Classify document templates for ocr extraction

Hi! hope you are having a nice day, i was wondering if there is any way to classify different templates for document data extraction with ocr.

I have 4 different types of invoice that i want to extract data, so i need to find a way to tell the robot wich template need to use to obtain certain data, i dont seem to find any activity for that on the studio.

Any suggestion is welcome, greetings!

Hello Joaco,

I can think different ways of doing it. If you can identify the source of the image file like file name, or email sender if you receiving the invoice through email that can point you to the invoice type, I would use it to determine which template to use.

In case you don’t know the source, I would suggest to use first a generic template that check for different positions to get a key value that will identify which template to use.
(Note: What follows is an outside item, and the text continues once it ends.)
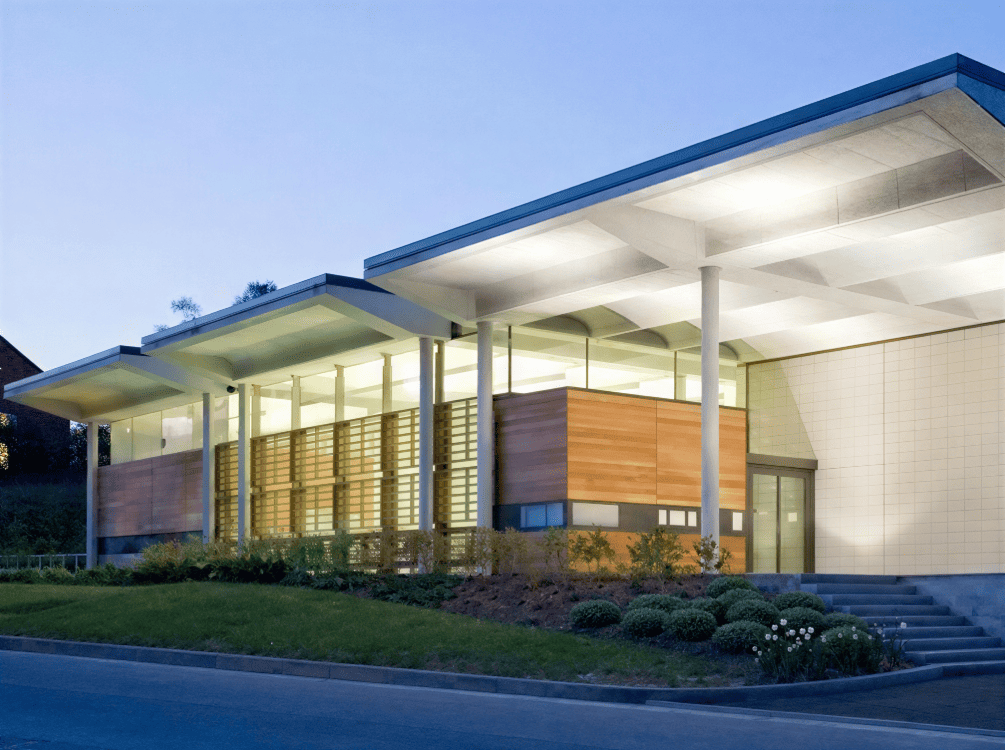 Exterior of HWB-NMR building at dusk with lights visible from within the building.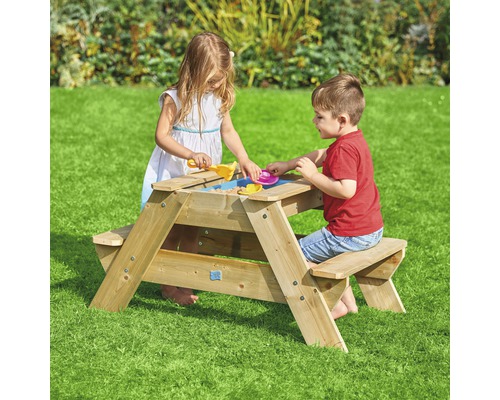 Deux enfants jouent sur une table de pique-nique en bois avec fonction de bac à sable dans le jardin.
For instance, use one template that first identify where the “invoice id” is located in the 4 different invoice types and save that value to a variable (varInvoice1, varInvoice2…) and then check which variable has the right value.

Hope this helps you!

1 Like

Hi @joacobracci!
You can also use ready-made templates from Klippa, Nanonets, or create your own pattern recognition by masks, keywords, found by coordnates in areas or in an array. Then you can create a condition for different templates, depending on the presence of keywords or masks.

Thank you for your reply!
I find your solution very interesting,
there is an activity or something already made for pattern recognition , or keywords on the studio ? or i should create that solution by scratch?

ty again for replying!

Hi Diego thank you for your reply!,
i should try that

ty again for replying!

@joacobracci You can use activity “Text found?” for strings or JS method array.includes(‘keyword’) to find objects in array.